Title: | Miscellaneous Functions for Bioinformatics and Bayesian Statistics |
Version: | 1.0.0 |
Description: | A hodgepodge of hopefully helpful functions. Two of these perform shrinkage estimation: one using a simple weighted method where the user can specify the degree of shrinkage required, and one using James-Stein shrinkage estimation for the case of unequal variances. |
Depends: | R (≥ 3.2.0) |
Suggests: | ggplot2, RISmed, testthat |
License: | GPL-3 |
Encoding: | UTF-8 |
LazyData: | true |
RoxygenNote: | 5.0.1 |
NeedsCompilation: | no |
Packaged: | 2016-05-24 13:50:20 UTC; amckenz |
Author: | Andrew McKenzie [aut, cre] |
Maintainer: | Andrew McKenzie <amckenz@gmail.com> |
Repository: | CRAN |
Date/Publication: | 2016-05-24 16:32:42 |
bayesbio: Miscellaneous functions useful in bioinformatics and Bayesian statistics
Description
A hodgepodge of hopefully helpful functions. Two of these perform shrinkage estimation: one using a simple weighted method where the user can specify the degree of shrinkage required, and one using James-Stein shrinkage estimation for the case of unequal variances.

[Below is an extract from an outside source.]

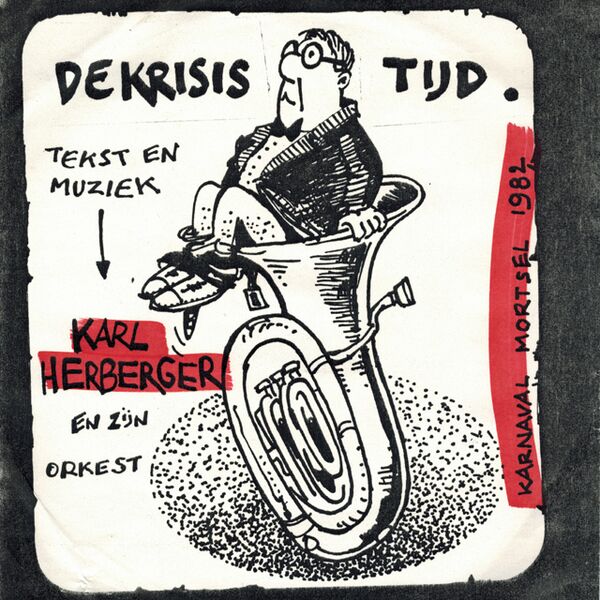 Bestand:KarlHerbergerDeKrisistijdVinyl7singlescan - 0040913.jpg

Likelihood function of the James-Stein shrinkage factor.
Description
To be used in MLE computation of the James-Stein shrinkage factor.
Usage
a_hat_mle(stat, vars, a_hat)
Arguments
stat |
Input statistics to be shrinkage estimated. |
vars |
Corresponding variances of equal length. |
a_hat |
Shrinkage intensity to be estimated. |
Value
The likelihood of the function given the parameters.
References
http://projecteuclid.org/euclid.ss/1331729986
Identify all duplicates values in a vector.
Description
By default the base R function duplicated only identifies the duplicated values after the first in a vector as TRUE. This function identifies all of the duplicates as true.
Usage
allDups(x)
Arguments
x |
The input vector. |
Value
A logical vector.
cbind while converting missing entries to NA.
Description
cbind usually malfunctions on vector of unequal lengths; this function allows vectors of unequal length to be combined, while filling the missing entries with NAs.
Usage
cbindFill(...)
Arguments
... |
A set of vectors separated by commas. |
Value
A matrix that combines the inputted vectors.
References
http://r.789695.n4.nabble.com/How-to-join-matrices-of-different-row-length-from-a-list-td3177212.html; http://stackoverflow.com/a/7962286/560791
Creates random, unique character strings.
Description
Makes them unique by randomly choosing the character strings; and, in case it is necessary, adding numbers to the end using make.unique.
Usage
createStrings(number, length, upper = FALSE)
Arguments
number |
Specifies the number of character strings that should be created. |
length |
Specifies the length of each character string in letters. |
upper |
Binary parameter specifying whether the character strings should be uppercase. Default = FALSE, so the character strings are all lowercase. |
References
http://stackoverflow.com/a/1439541/560791
Create a color-labeled horizontal bar plot in ggplot2.
Description
This function takes a data frame and creates a horizontal (by default) bar plot from it while ordering the values.
Usage
ggHorizBar(data_df, dataCol, namesCol, labelsCol, decreasing = TRUE)
Arguments
data_df |
Data frame with columns to specify the data values, the row names, and the fill colors of each of the bars. |
dataCol |
The column name that specifies the values to be plotted. |
namesCol |
The column name that specifies the corresponding names for each of the bar plots to be plotted. |
labelsCol |
The column name that specifies the groups of the labels. |
decreasing |
Logical specifying whether the values in dataCol should be in decreasing order. |
Value
A ggplot2 object, which can be plotted via the plot() function or saved via the ggsave() function.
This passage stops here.